Der Namensgeber der Berliner Beuth-Hochschule für Technik war Antisemit. Christian Peter Beuth, hoher preußischer Ministerialbeamter, wünschte Juden in einer Rede von 1811 den Tod und reproduzierte antijudaistische Ressentiments wie die Legenden um den Ritualmord an christlichen Kindern. So viel ist unstrittig.

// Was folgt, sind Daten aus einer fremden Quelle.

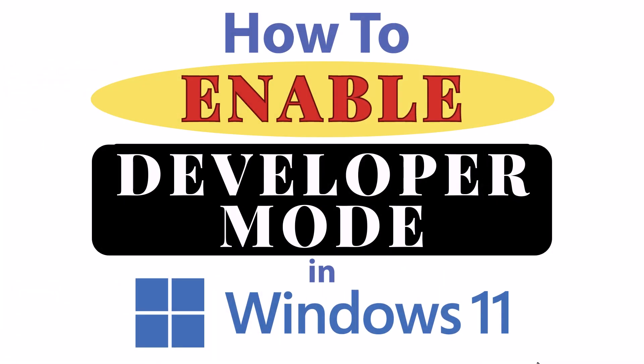This is going to be a video tutorial on how to enable developer mode in Windows 11. Let me jump over to my desktop here.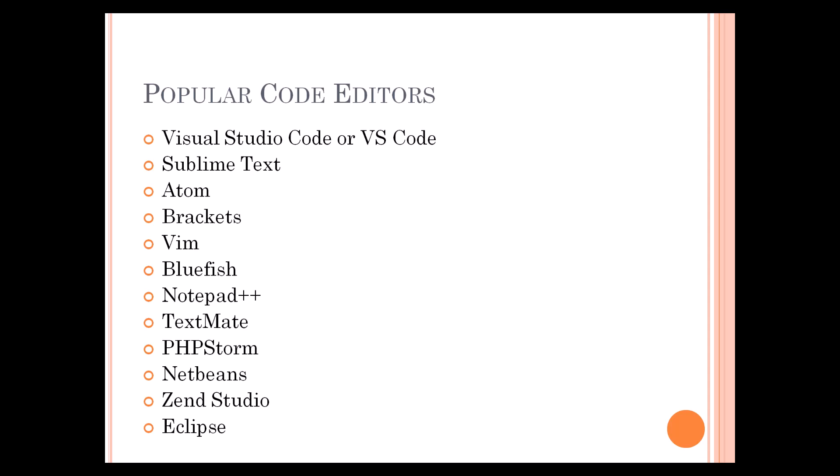Among all these editors, I will use VS Code in this tutorial series because among all the free editors, I think VS Code is the best. There are a lot of flexibilities where you will work with it, and you will understand.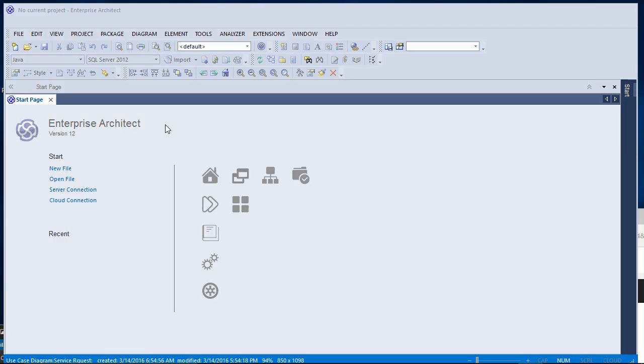Hello, my name is Robert Marquez and today I'm going to demonstrate creating a simple use case diagram with a product called Enterprise Architect by Sparks Systems.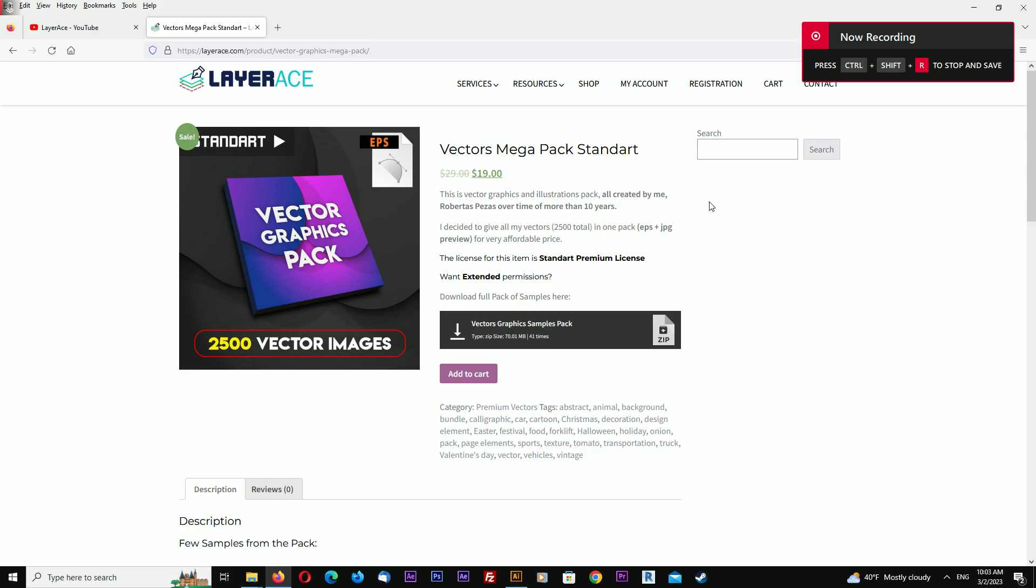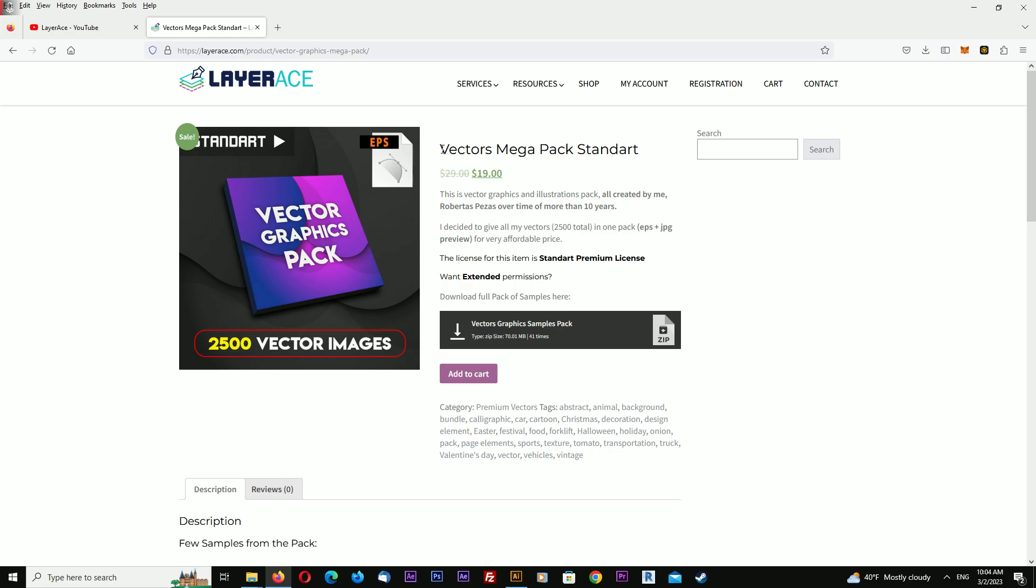Hello, my name is Robert and this is channel LayRace. Here is a collection of vector illustrations - about 2,500 vector images total in EPS 10 format. This is all created by me in about 10 years.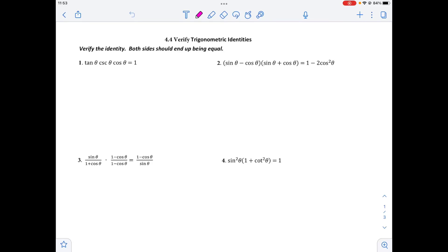This was your practice sheet for 4.4 verifying trig identities, and there's no way to really give a key for this because you're actually proving whether the sides are equal. I gave you hints on the homework as far as online resources, what side to start on, and some hints of processes to do to help you. The last two are simplifying, so I'm going to work a few of the harder ones out fully.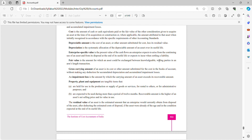Gross carrying amount of an asset is its cost or other amount substituted for cost in the books of accounts, without making any deductions for accumulated depreciation and accumulated impairment losses. In other words, gross carrying amount is the asset booked at cost price without any adjustments.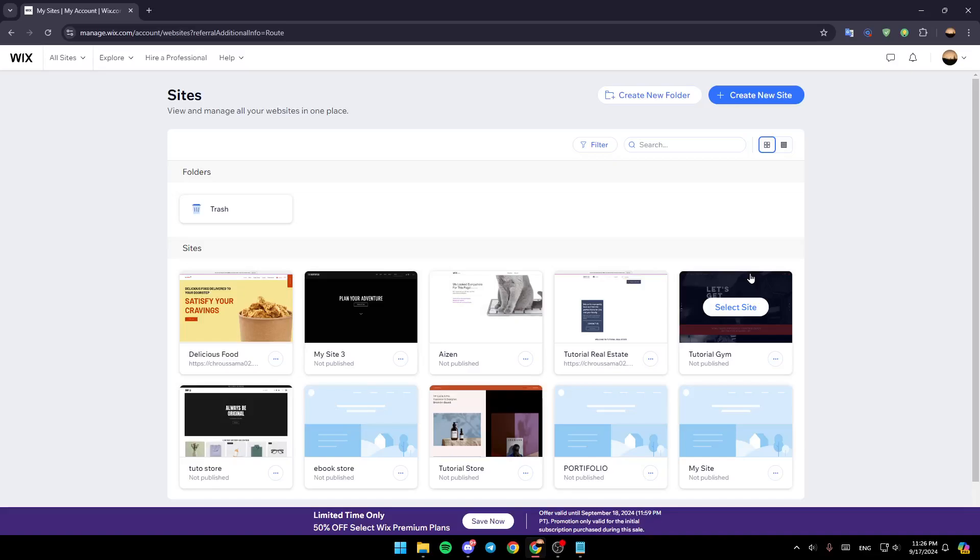Hello everyone and welcome back to a new video. In this video, I'm going to show you how you can add UPI Payment Gateway on Wix. So if you want to learn how to do it, just follow the steps that I'm going to show you.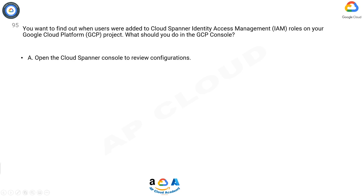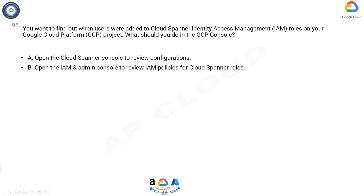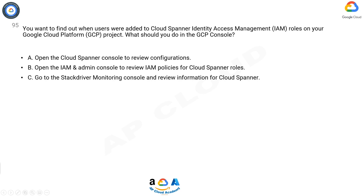A. Open the Cloud Spanner console to review configurations. B. Open the IAM and Admin console to review IAM policies for Cloud Spanner roles.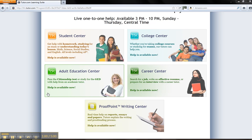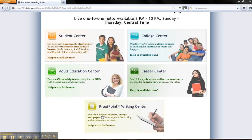Help with homework is available in the Student Center for all elementary, middle, and high school grade levels in math, science, social studies, and English. The College Center has tutors available in a variety of college subjects. The Adult Education Center can assist with studying for the GED or the citizenship test. The Career Center has resources that can aid in job searching, resume writing, or preparing for an interview. Finally, the Proofpoint Writing Center can help with writing academic papers.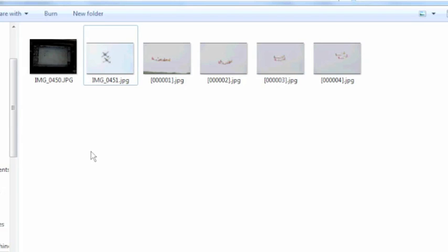So to kind of recap here. The way you can minimize corruption is make sure you never view a file that's not created by that camera. Always make sure that the file name structure, as this one here where I change it to image underscore zero four five one, make sure that's consistent. And also always make sure that you use the eject function like I showed you here before removing your SD card. If you practice those things, then you probably will never have any file corruption issues. So hopefully you'll be able to recover your files. And thanks for watching.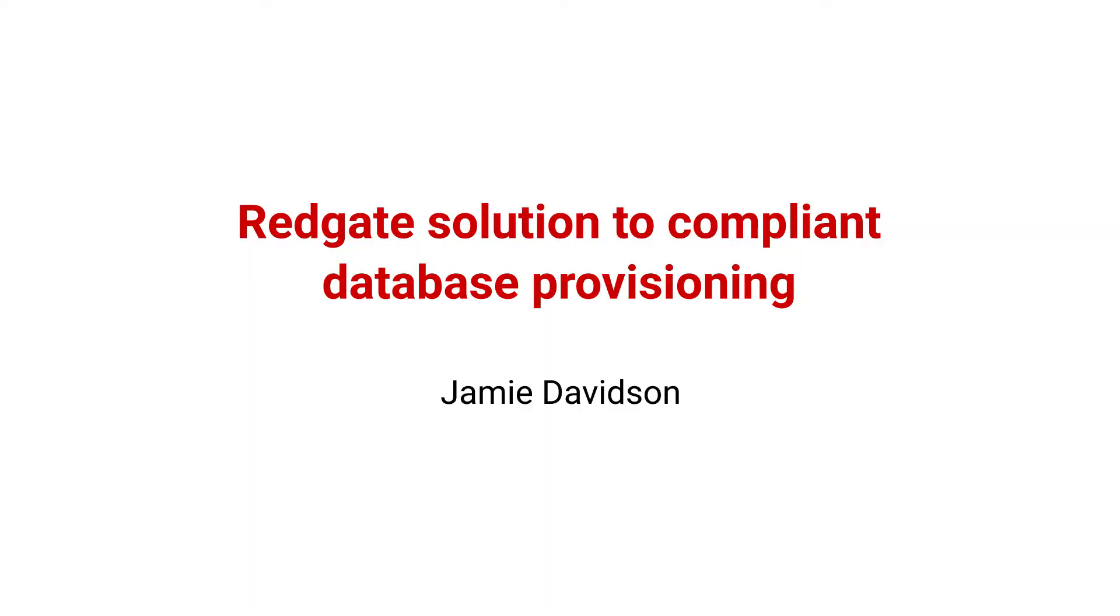Hello, everybody. My name is Jamie Davidson. I'm a Redgate developer, and today I'm going to be taking you through Redgate's solution to compliant database provisioning.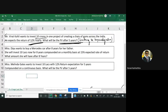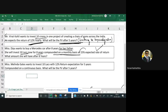Miss Deepu wants to buy a Mercedes car after eight years for her father. She wants to invest 10 lakhs now for eight years, compounded on a monthly basis, at a 15% expected rate of return. What amount will she have after eight years?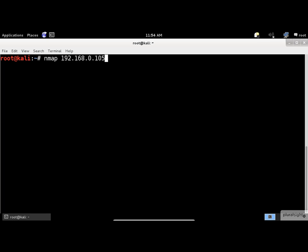But wait, we're professional penetration testers, right? We don't just use the default options. To get everything nmap offers, we need to use the -A switch for maximum results output. This option enables additional advanced and aggressive options.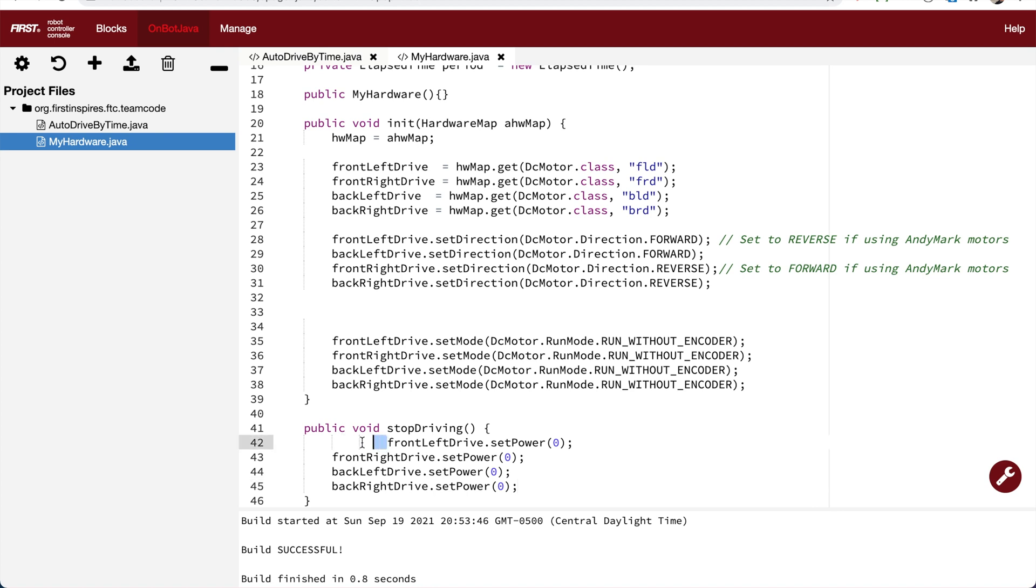Now every time I call stopDriving, it will run those four instructions and stop all four motors.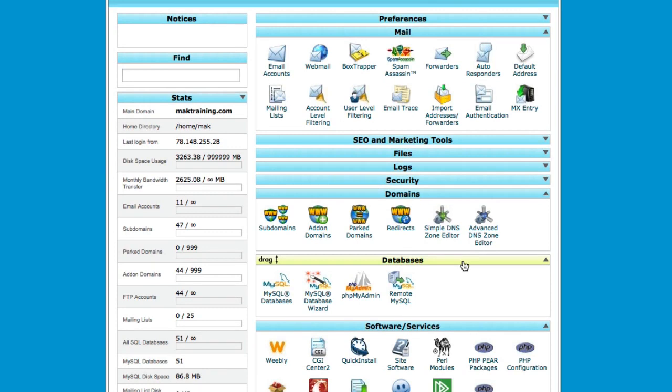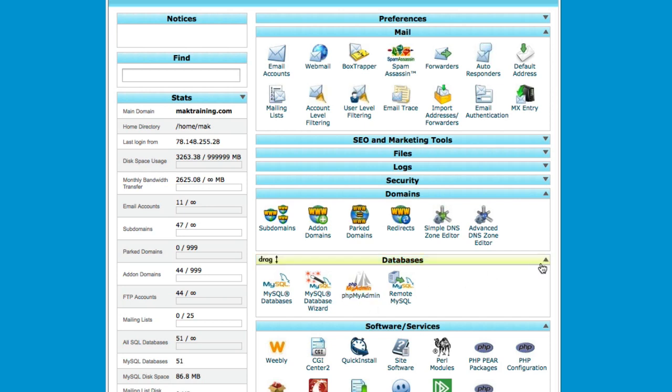Okay, databases. I hardly use this, but this is where, if you want to take a look at your databases for your server, or make a few changes, or even download the database, you would use phpMyAdmin. But in most cases, you won't need to do that.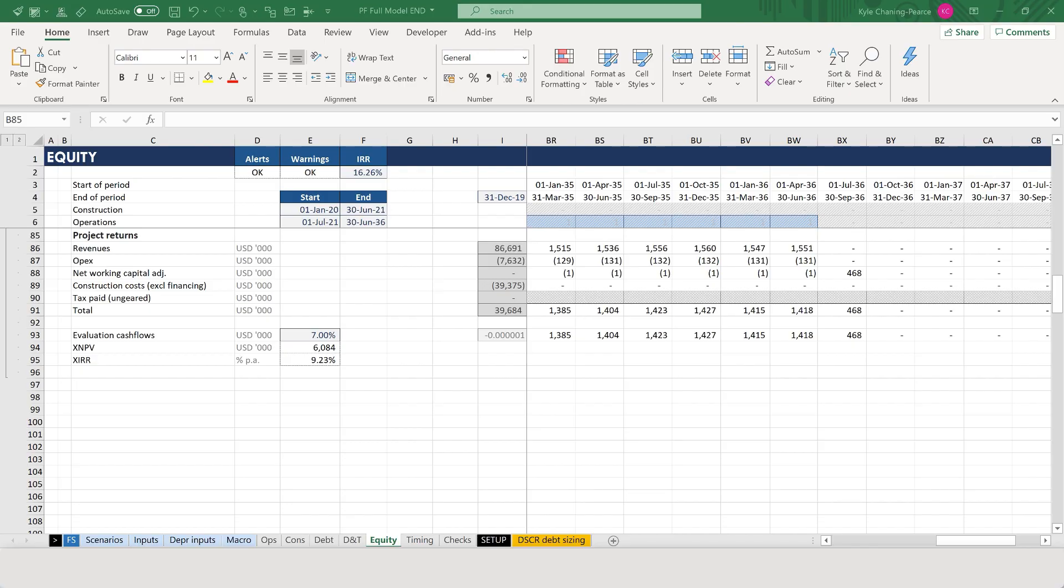Hello everyone, Kyle here. Project returns or levered returns is a commonly misunderstood area in project finance modeling, specifically around misunderstanding the elements that build up the cash flows that are actually evaluated. So here is a video where we go through the mechanics in a project finance model.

Aber muss sich die Beuth-Hochschule deshalb erneut umbenennen? 2009 hatte die einstige Technische Fachhochschule Berlin Beuths Namen erhalten, damals wurde er als „geistiger Vater der Ingenieurausbildung in Deutschland“ gewürdigt. Beuth hatte 1821 mit dem Technischen Institut in Berlin die erste derartige Schule in Preußen initiiert. Er war auch ein Zeitgenosse von Friedrich Ludwig Jahn, dessen Antisemitismus derzeit in Pankow ebenfalls Forderungen nach einer Umbenennung des Jahn-Sportparks ausgelöst hat.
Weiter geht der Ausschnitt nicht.